On September 21, 2020, the House of Representatives is scheduled to vote on the “Marijuana Opportunity Reinvestment and Expungement Act” or “MORE Act.” We have written about the MORE Act previously here and here. The MORE Act does not legalize marijuana nationwide, but it does remove cannabis from Schedule I of the Controlled Substances Act (thus decriminalizing it under federal law and allowing states to decide whether to legalize). It also requires the expungement of certain marijuana-related criminal records and provides for grants to communities impacted by the War on Drugs.
We expect the MORE Act to pass, perhaps overwhelmingly, in the House for several reasons. First, it dovetails with the current focus on social justice. Second, it was originally co-sponsored in the Senate by vice presidential candidate Sen. Kamala Harris and so House Democrats will likely rally in support. And third, support for marijuana reform is strong throughout the country, and marijuana reform bills have consistently generated significant support in the House. We would not expect this bill to be any different. The problem remains the Senate, however. In the current political environment, we do not foresee any reasonable possibility that the Senate moves the MORE Act forward in the near future. It is possible that the election results will provide a political realignment on this issue, but even then, we would be hesitant to predict Senate approval any time soon.

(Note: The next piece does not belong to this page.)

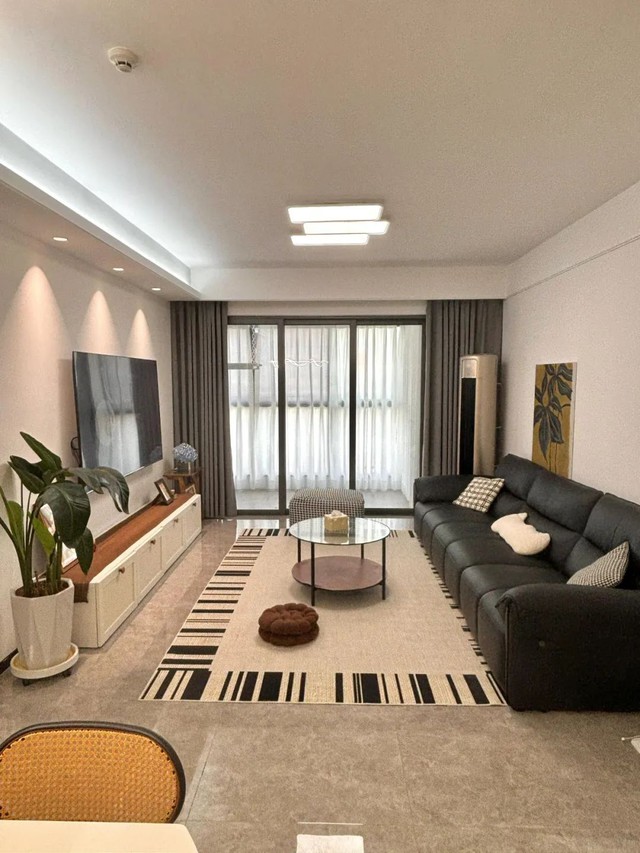 Có tiền cũng né gấp 6 thứ ở phòng khách: Vừa bí bách, vừa vô dụng- Ảnh 6. Có tiền cũng né gấp 6 thứ ở phòng khách: Vừa bí bách, vừa vô dụng- Ảnh 6.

That means the vote on September 21st will be largely symbolic. But symbolic votes can nevertheless be important. The House passing the MORE Act would (1) send yet another resounding message that Americans wants cannabis reform at the federal level, (2) signal that this issue is not going away, and (3) add to the increasing pressure on the Senate. Perhaps that additional pressure results in the passage of something less comprehensive than the MORE Act, but still consequential, such as the SAFE Banking Act. Or even better, perhaps we will look back at the House’s passage of the MORE Act as a significant step towards federal decriminalization or legalization.